To Mikado's worried questions, the girl answered with a smile. "A wish. A prayer. Some might even call it a god. Only you can decide of what, however."

"A god?" Mikado repeated her words, his voice shaking. It threatened to disappear into the night once again, leaving only thoughts.

"Some call it that. The power of human faith is limitless, indeed. It is wonderful what they can do if they wish it enough." Another flipped page. The girl looked at the people underneath, as if she was no part of them.

She was not. Neither was he.

The word still seemed strange, too otherworldly. A god? Another legend in the myths of Ikebukuro - physical shape of human wishes.
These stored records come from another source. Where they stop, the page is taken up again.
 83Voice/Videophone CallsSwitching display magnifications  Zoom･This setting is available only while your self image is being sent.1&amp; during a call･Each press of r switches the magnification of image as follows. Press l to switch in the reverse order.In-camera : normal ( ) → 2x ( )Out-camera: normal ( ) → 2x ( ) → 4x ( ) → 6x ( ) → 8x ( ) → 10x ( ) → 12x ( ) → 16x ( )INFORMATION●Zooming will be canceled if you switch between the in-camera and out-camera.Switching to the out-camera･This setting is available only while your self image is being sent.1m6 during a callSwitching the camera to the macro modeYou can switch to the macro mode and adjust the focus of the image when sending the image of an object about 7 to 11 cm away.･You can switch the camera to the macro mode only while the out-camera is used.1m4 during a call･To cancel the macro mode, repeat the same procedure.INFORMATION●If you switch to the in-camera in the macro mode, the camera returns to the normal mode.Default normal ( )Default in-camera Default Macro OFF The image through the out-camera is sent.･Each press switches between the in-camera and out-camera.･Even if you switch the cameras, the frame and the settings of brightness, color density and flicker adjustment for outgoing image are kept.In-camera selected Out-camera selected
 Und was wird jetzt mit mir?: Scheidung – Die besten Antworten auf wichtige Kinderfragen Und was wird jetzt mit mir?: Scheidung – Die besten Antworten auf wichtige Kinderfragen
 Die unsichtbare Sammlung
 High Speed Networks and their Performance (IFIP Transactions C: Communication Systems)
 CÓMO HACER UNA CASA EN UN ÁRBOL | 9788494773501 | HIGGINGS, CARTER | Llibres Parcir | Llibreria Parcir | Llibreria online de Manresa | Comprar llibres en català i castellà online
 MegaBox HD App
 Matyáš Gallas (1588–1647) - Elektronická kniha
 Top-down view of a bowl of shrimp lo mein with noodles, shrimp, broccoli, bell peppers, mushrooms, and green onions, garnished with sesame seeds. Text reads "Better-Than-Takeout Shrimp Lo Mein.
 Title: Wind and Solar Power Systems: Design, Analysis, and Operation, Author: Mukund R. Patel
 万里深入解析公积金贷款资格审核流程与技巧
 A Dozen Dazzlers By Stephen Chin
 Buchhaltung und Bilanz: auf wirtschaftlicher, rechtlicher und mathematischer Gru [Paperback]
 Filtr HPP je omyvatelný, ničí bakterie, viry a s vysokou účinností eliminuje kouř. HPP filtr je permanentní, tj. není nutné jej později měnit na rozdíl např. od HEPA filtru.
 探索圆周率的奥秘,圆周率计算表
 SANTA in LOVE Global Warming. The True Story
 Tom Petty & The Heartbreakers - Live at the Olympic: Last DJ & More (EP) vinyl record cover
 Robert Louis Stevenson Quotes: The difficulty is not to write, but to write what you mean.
The Leader of the Dollars, forever. Another piece of the tale. Mikado liked that idea.

"What about my friends? Can I go and visit them?" Even before the girl's reply, Mikado found the answer. How could he go and speak to them as if nothing had changed? He did not know which one out of the hundred faces he would show to them, he did not know if he would not just hurt them again. No, impossible. Unless Mikado could be sure of his self, he would not risk going with them.

How much of his humanity had remained? Swirling fog darkened his memories and chilled them. He had forgotten his body; how could he remember his personality? There had to be another way to test how much one changed…

"How does a person become like us?" Mikado decided to change his question.


End file.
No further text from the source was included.